O fenômeno do Padim Ciço, em toda a sua complexidade na conexão entre as coisas terrenas e o mundo espiritual, ganha potência de significação na vida e na obra de alguém que conseguiu a um só tempo ser santificado e permanecer como uma pessoa comum, com tudo o que cada uma dessas condições representa. Essas duas dimensões convergem na imagem do guia orientador das massas ante os designíos divinos e a dura realidade objetiva.

Ter sido elevado à condição de santo popular não o eximiu de atos e pensamentos como indivíduo, o que de certo modo justifica tantas polêmicas em torno do seu nome. Cícero Romão é um hierofante do sertão, um líder supremo marginal, que trabalhou pela convergência de esforços entre diferentes. Pensou e agiu como um pontífice, no sentido daquele que oferece pontes para a ligação das pessoas.

O padre Cícero é uma personalidade única. Foi em torno e por conta de sua figura que a cultura brasileira, em sua vertente nordestina, ganhou grande parte de sua força de atração e de disseminação. O Cariri é o umbigo cultural do Ceará, o centro de superabundância da nossa realidade. No meu livro “Ciço na guerra dos rebeldes” (Cortez Editora) procuro transmitir em ficção histórica a enorme contribuição do padre Cícero à nossa cultura, nas suas dimensões sociais, políticas e econômicas.

Para os romeiros, para os brincantes, para os comerciantes e para todos os que de algum lugar do Nordeste passaram a se dirigir a Juazeiro do Padre Cícero por força da benção ao Padim Pade Ciço, a maneira de viver e de perceber o mundo elevou-se ao grau de manifestação das realidades sagradas. A imagem de demiurgo, do artífice dos motivos da alma, reforçou em seus adeptos e admiradores uma atração poderosa.

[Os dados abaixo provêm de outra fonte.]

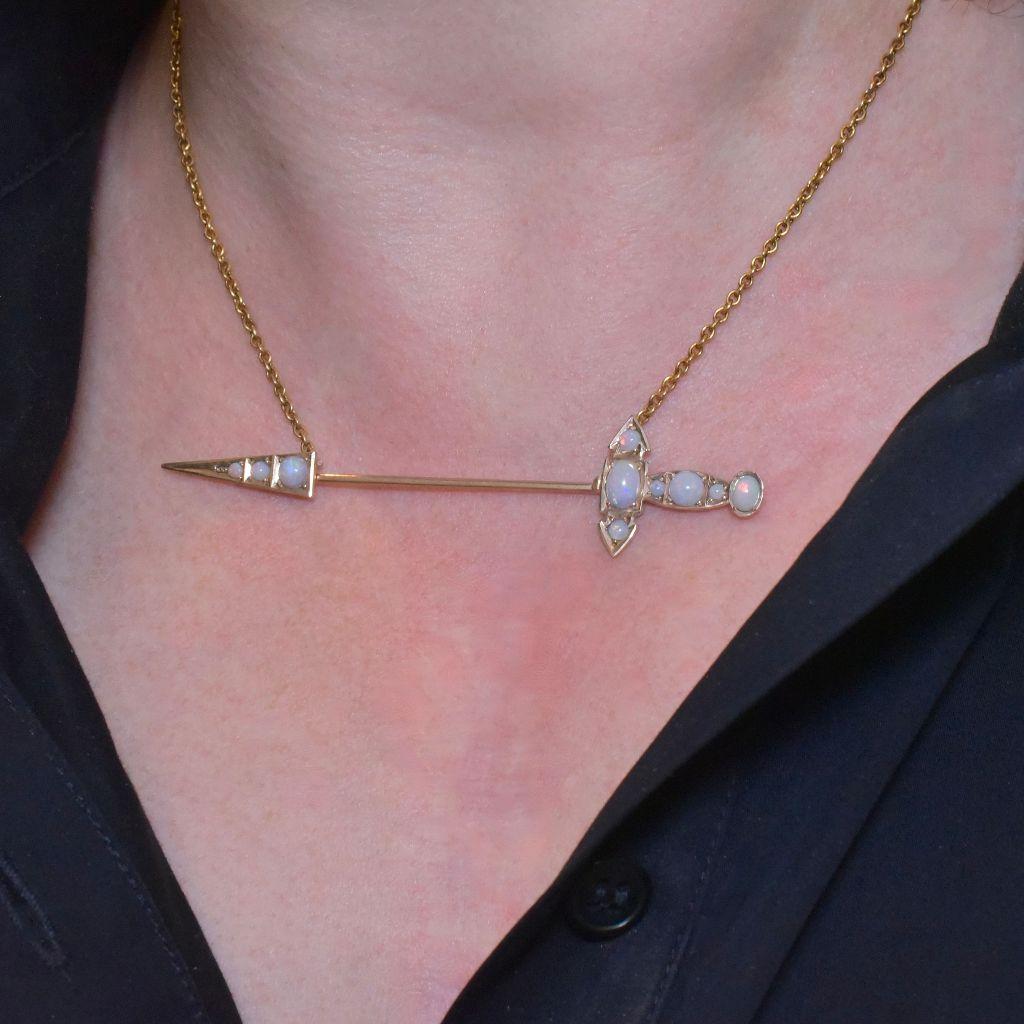 Riteniamo che questa collana con ciondolo sia nata come una tipica spilla Jabot con una catenina a tracolla, ma che a un certo punto le sia stata applicata una lunga catena che le ha permesso di essere indossata come il superbo pezzo che vedi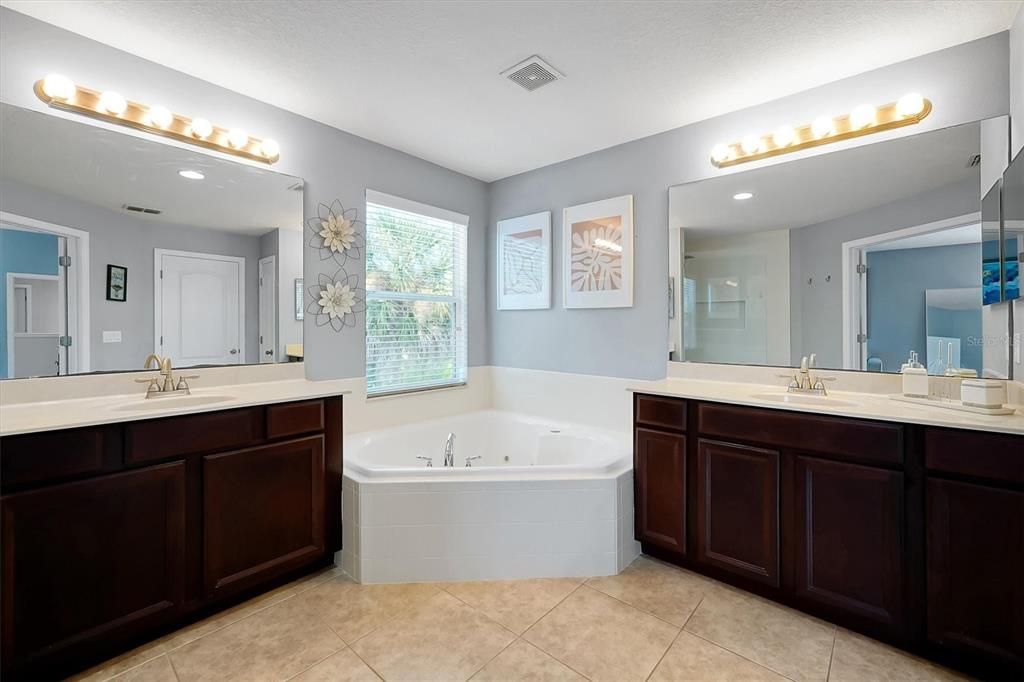 На продажу: $620,000 (5 спален, 4 ванн, 3119 Квадратных фут)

Cícero tornou-se uma espécie de ponto de orientação e foi com base nesse senso de referência fixa que ele fundou e impulsionou o desenvolvimento de Juazeiro, esse lugar cosmogônico construído com a matéria-prima da fé e da crença de que com altar e oficina, reza e trabalho, ricos e pobres poderiam encontrar caminhos de convivência, inclusive no plano consagrador das relações com a natureza.

O chamado do papa Francisco ao padre Cícero, para que volte aos quadros da Igreja, evoca uma figura santificada pelos fiéis, reveladora do sentido concreto de religiosidade e com aspectos de simplicidade bem próximos ao da atual reorientação vaticanense. Roma vem a Juazeiro fazer uma espécie de reintegração de posse do território ciceropolitano que deixara para trás.

A essa altura da história, uma eventual beatificação e canonização do Ciço pode ser vista como redutora da grandeza do mito, já que ele formalmente se limitaria a ser um santo católico, quando normalmente usufrui de veneração ecumênica. As cartas estão na mesa e, ao que parece, a reaproximação faz sentido, considerando que o diálogo entre religiões tem sido um mantra do papa Francisco.